## YOUR GOAL
Report all lines below with the word "Black".

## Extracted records
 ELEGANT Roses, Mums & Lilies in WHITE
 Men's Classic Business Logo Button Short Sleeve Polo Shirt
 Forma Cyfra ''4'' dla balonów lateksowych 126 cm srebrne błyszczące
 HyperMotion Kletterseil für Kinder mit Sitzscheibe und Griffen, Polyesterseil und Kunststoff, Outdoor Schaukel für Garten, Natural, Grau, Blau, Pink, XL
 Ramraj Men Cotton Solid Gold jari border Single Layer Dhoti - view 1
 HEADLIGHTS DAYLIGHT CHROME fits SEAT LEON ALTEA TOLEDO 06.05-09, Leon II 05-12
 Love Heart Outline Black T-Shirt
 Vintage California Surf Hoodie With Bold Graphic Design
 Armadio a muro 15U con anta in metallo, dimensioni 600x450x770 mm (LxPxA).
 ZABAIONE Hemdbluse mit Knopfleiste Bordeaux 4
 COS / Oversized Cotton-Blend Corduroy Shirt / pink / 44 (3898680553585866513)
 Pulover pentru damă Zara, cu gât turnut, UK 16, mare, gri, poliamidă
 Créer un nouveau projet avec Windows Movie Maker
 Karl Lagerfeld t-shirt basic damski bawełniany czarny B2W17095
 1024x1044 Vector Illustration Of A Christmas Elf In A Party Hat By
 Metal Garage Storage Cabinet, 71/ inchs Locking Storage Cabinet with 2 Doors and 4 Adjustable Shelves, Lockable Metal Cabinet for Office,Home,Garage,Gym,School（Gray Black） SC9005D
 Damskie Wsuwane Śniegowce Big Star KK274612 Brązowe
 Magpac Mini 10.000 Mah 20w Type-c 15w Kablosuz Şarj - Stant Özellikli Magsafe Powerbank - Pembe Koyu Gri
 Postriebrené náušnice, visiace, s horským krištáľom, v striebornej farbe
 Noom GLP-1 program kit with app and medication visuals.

## EXERCISE OUTPUT
 Love Heart Outline Black T-Shirt
 Metal Garage Storage Cabinet, 71/ inchs Locking Storage Cabinet with 2 Doors and 4 Adjustable Shelves, Lockable Metal Cabinet for Office,Home,Garage,Gym,School（Gray Black） SC9005D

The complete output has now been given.